● **EXERCISE BRIEF**: Without any images, write the listing below out word for word.

═════ GIVEN DATA

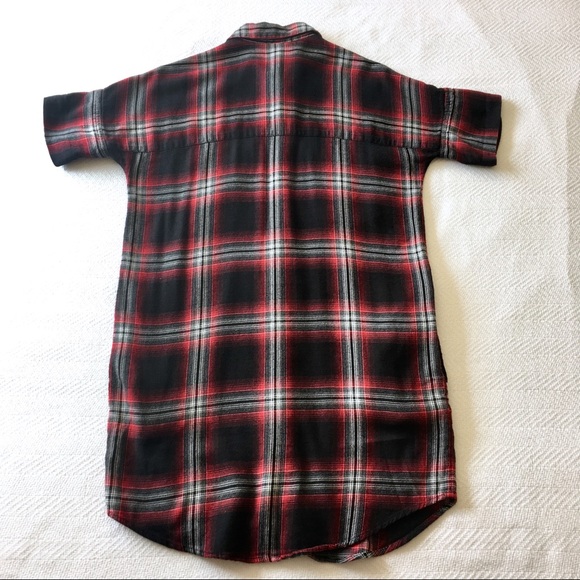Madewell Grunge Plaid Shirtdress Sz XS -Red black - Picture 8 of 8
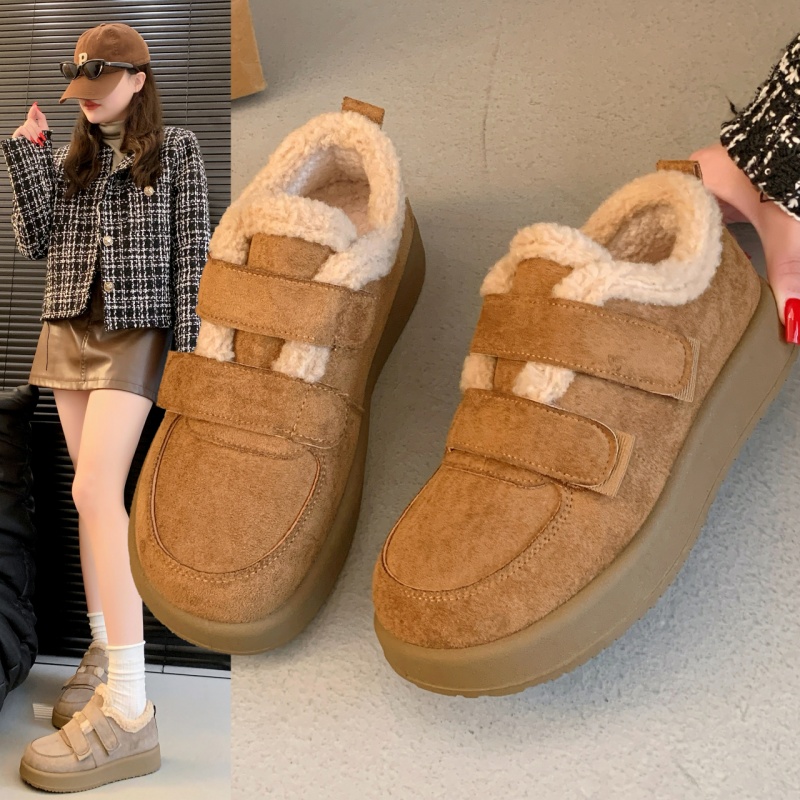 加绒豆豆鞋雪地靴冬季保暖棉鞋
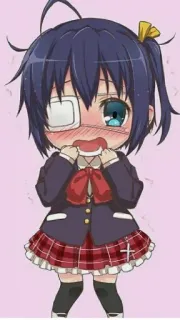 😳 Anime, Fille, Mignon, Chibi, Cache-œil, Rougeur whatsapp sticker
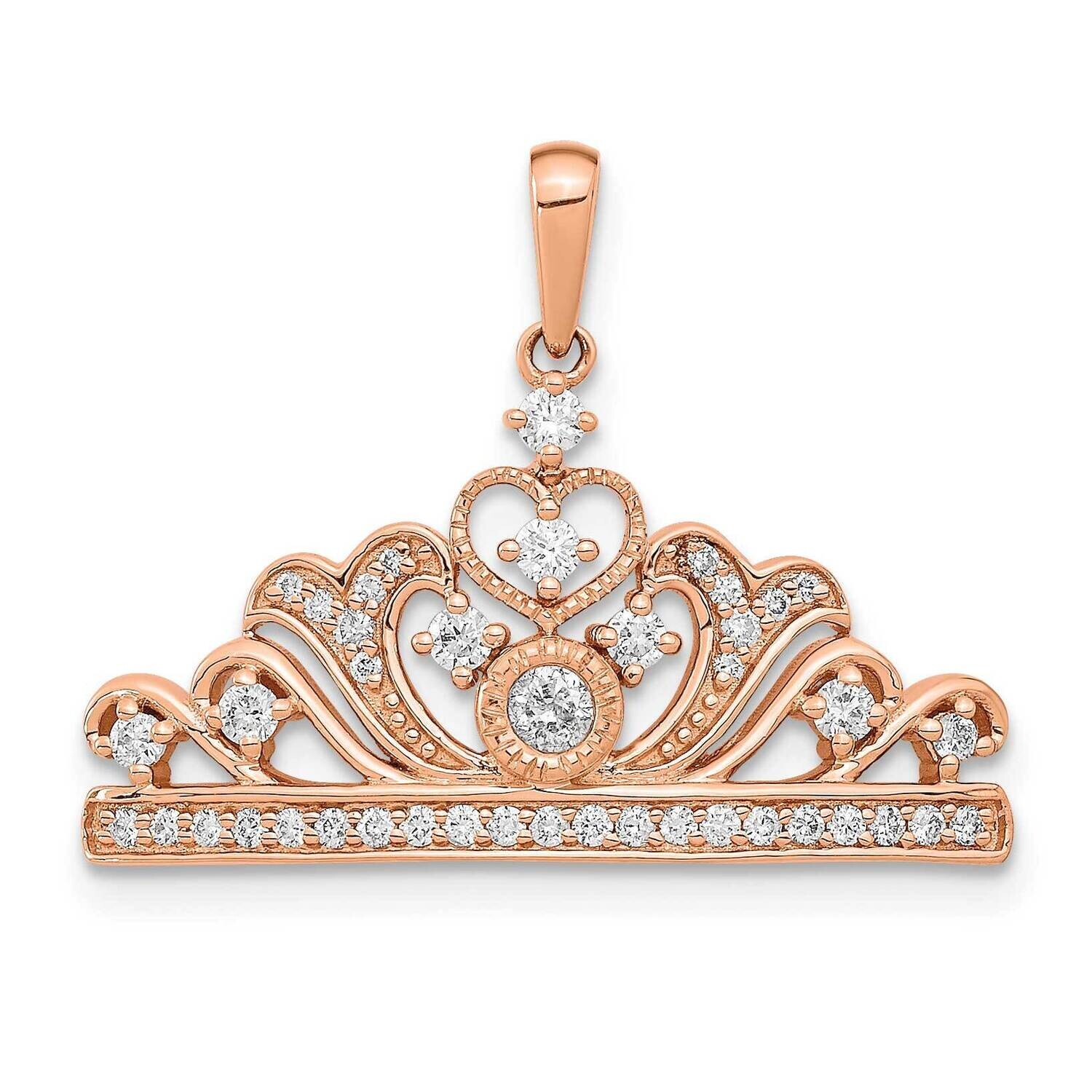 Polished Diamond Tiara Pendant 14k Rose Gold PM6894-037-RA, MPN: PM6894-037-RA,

══════════

● **ANSWER SPACE**:
Madewell Grunge Plaid Shirtdress Sz XS -Red black - Picture 8 of 8
 加绒豆豆鞋雪地靴冬季保暖棉鞋
 😳 Anime, Fille, Mignon, Chibi, Cache-œil, Rougeur whatsapp sticker
 Polished Diamond Tiara Pendant 14k Rose Gold PM6894-037-RA, MPN: PM6894-037-RA,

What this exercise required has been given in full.